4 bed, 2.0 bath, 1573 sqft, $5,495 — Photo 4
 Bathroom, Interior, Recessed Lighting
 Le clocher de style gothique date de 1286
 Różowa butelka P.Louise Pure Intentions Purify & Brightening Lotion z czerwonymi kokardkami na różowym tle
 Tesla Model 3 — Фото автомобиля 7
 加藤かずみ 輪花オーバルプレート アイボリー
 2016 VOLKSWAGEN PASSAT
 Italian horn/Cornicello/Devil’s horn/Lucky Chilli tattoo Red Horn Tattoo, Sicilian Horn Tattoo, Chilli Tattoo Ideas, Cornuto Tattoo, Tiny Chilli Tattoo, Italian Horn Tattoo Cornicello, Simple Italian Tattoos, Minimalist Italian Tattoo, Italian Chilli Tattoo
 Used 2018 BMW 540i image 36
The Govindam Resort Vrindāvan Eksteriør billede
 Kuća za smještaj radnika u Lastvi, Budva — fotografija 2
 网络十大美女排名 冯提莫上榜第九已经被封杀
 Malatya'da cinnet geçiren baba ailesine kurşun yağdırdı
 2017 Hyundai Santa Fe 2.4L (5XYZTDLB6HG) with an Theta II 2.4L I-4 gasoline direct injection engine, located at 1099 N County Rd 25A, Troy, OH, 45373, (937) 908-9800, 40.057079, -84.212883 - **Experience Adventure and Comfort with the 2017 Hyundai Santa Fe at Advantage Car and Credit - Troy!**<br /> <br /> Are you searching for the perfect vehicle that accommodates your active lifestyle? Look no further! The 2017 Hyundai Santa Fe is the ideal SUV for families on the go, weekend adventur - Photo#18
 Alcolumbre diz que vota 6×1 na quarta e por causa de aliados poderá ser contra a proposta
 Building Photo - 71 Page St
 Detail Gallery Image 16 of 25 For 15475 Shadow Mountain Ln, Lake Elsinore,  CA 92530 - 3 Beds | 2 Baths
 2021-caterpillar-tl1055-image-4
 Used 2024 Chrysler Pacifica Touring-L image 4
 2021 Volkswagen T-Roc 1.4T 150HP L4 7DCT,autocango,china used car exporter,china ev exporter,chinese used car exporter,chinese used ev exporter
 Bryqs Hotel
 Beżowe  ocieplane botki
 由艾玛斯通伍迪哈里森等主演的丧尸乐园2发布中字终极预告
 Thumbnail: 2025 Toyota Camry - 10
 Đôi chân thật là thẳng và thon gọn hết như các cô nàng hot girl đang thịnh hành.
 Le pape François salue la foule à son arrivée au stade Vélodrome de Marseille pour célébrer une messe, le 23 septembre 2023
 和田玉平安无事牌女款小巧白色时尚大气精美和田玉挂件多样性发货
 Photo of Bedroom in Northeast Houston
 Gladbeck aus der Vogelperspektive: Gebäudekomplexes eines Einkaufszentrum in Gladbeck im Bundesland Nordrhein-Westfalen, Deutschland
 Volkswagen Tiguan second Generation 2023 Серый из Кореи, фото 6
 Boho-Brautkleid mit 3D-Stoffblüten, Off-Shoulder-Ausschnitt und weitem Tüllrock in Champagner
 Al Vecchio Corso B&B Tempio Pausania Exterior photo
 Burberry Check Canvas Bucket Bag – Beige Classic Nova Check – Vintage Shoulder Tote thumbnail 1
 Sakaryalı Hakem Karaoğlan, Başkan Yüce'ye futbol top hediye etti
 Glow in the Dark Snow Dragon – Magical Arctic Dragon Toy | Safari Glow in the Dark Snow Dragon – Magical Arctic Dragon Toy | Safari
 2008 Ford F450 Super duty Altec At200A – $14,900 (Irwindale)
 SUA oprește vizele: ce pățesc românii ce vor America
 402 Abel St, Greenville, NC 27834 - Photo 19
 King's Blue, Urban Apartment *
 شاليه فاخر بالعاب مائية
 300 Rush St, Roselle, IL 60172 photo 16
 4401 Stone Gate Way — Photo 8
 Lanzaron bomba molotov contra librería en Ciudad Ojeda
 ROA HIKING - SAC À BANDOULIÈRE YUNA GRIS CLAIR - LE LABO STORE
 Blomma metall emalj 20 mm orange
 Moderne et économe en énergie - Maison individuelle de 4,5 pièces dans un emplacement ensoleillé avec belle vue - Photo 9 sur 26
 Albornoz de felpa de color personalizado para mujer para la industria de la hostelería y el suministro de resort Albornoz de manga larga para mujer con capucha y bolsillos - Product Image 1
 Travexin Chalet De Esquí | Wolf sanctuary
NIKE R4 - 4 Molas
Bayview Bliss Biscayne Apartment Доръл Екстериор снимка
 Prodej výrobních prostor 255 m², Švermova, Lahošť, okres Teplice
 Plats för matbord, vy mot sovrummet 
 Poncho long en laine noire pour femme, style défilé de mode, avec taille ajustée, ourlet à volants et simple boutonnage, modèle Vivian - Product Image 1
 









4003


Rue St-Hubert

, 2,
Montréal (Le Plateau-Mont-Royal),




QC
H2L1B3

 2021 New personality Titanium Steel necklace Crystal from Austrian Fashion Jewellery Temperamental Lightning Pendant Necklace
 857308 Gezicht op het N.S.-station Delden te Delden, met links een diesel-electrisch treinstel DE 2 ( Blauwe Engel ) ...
————
§ YOUR INSTRUCTIONS: Filter the material for the word "avec" and copy each matching line.

§ ANSWER SECTION:
 Moderne et économe en énergie - Maison individuelle de 4,5 pièces dans un emplacement ensoleillé avec belle vue - Photo 9 sur 26
 Poncho long en laine noire pour femme, style défilé de mode, avec taille ajustée, ourlet à volants et simple boutonnage, modèle Vivian - Product Image 1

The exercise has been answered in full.